Female are effectively placeholders in a much larger system operating at the family level, not liberated individuals. In Asia that family system is far more operational than in the West, perhaps why you see many female rulers here, and yet not much women’s rights. Marriages (especially arranged) operate here on a family level, and family often trumps individual.
Anyways, this system of dynasty is very old and, on the whole, kinda bad. Elections make it palatable, but it is generally better for a society when a broader base of the population has opportunity rather than hoping to get lucky with the crib or bed-mates of the few.
Getting back to Hillary Clinton, she rode on her years with President Bill Clinton as a sign of her own experience, and on her name and that ‘Clinton’ brand. Not so much on the stuff she’d done on her own, but the patina of the Clinton years.
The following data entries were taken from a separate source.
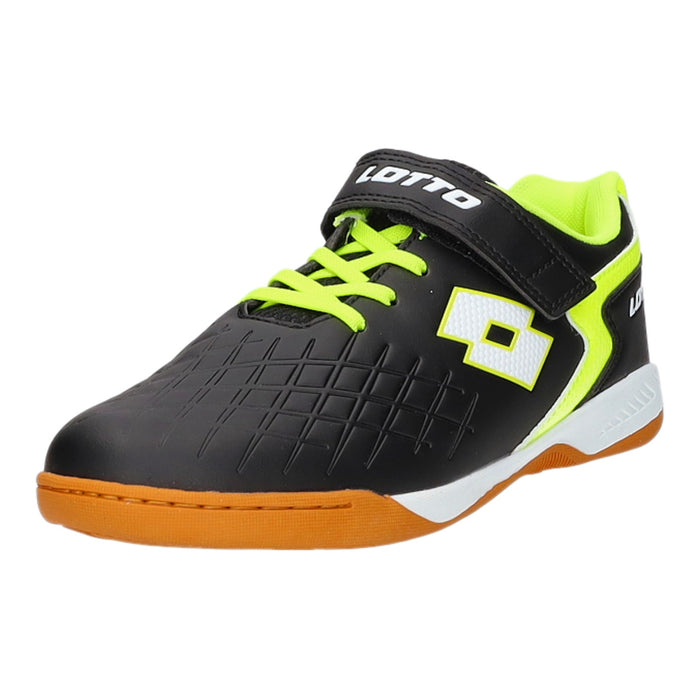 Lotto Sportschuh Indoor DASHER T - SchuhEggers.de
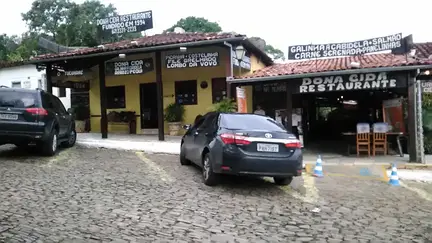 Restaurante Dona Cida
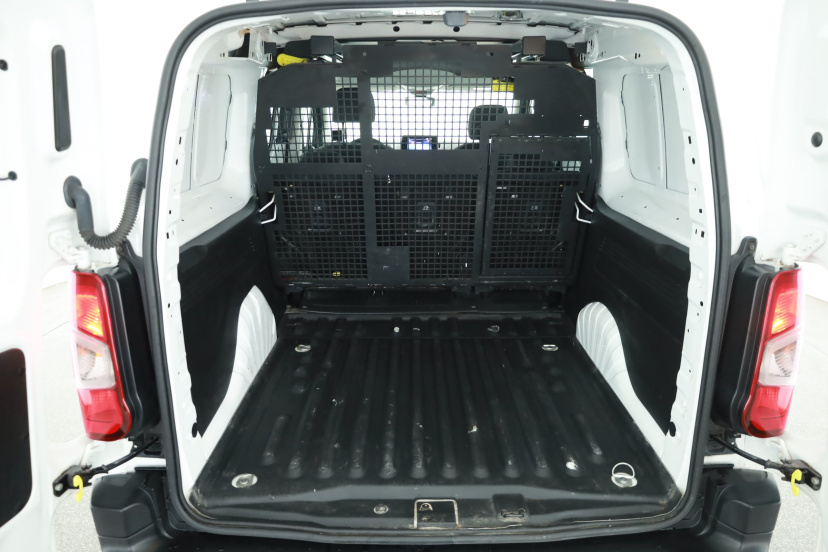 Toyota ProAce City, 2022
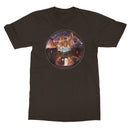 Clutch "From Beale Street to Oblivion" T-Shirt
She’s certainly very capable, but many Queen Regnants have been. She had more opportunity than her individual condition merited (by whatever abstract metric) – enough dynastic force that it definitely outweighed any drag from being a female. She ran as a Clinton more than a woman, and her campaign was more about dynasty than feminism. I don’t think she broke any glass ceilings that ancient Egyptians, Victorians and modern Sri Lankans haven’t already passed through. The wife of a former ruler running for office is nothing new. Hearing it framed as feminism is.